[[ DATA TO USE, beginning ]]

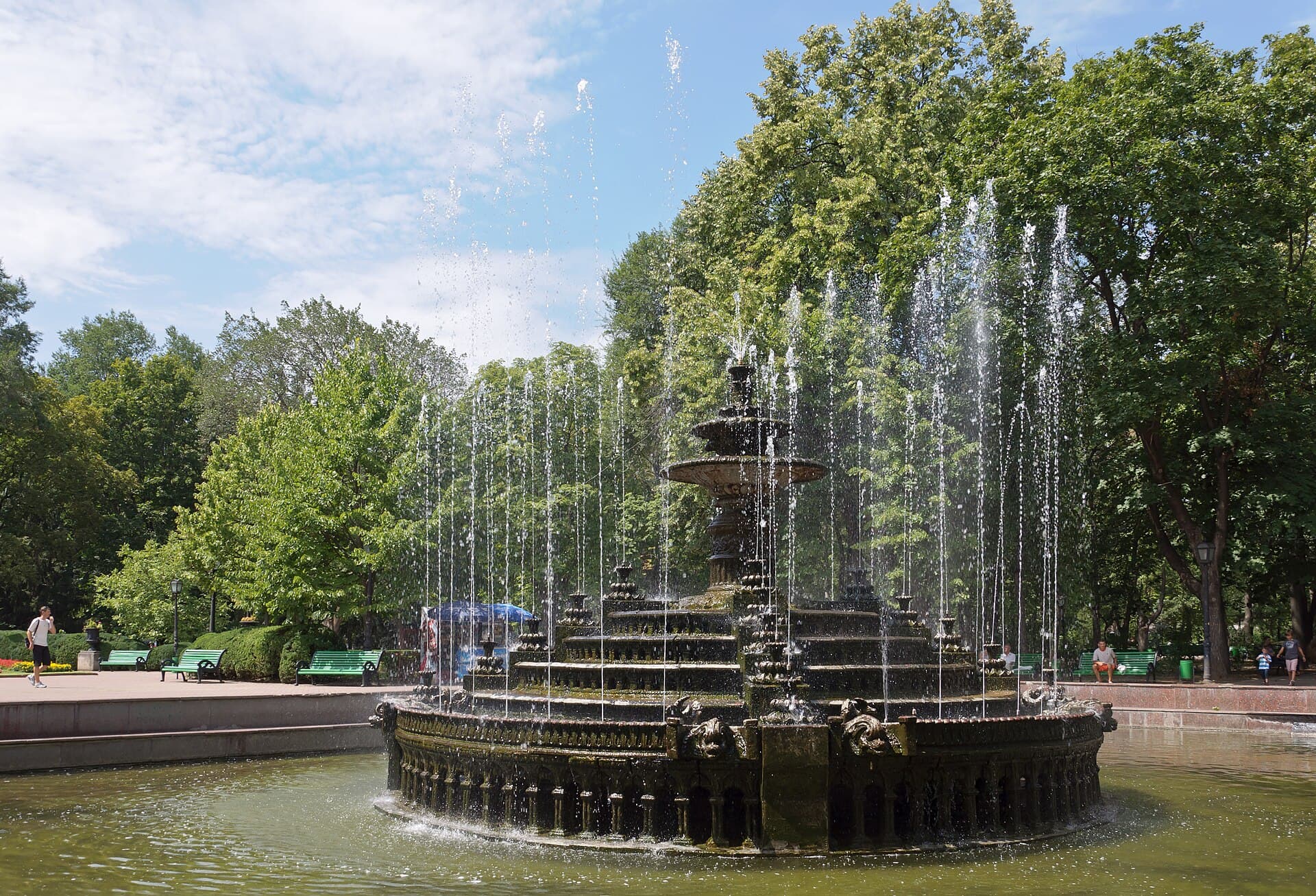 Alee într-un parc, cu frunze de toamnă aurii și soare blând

[[ DATA TO USE, end ]]
[[ DATA TO USE, beginning ]]

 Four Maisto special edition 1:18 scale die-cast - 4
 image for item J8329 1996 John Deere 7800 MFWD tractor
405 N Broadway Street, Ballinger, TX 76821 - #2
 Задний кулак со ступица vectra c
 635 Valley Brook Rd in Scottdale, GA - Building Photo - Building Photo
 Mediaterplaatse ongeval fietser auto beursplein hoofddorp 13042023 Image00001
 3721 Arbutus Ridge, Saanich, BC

[[ DATA TO USE, end ]]

__ASSIGNMENT__. Please copy the lines in the records above between the one holding "Mediaterplaatse ongeval fietser" and the one holding "3721 Arbutus Ridge, Saanich, BC", inclusive, exactly and with no other line.

__EXERCISE ANSWER__.
 Mediaterplaatse ongeval fietser auto beursplein hoofddorp 13042023 Image00001
 3721 Arbutus Ridge, Saanich, BC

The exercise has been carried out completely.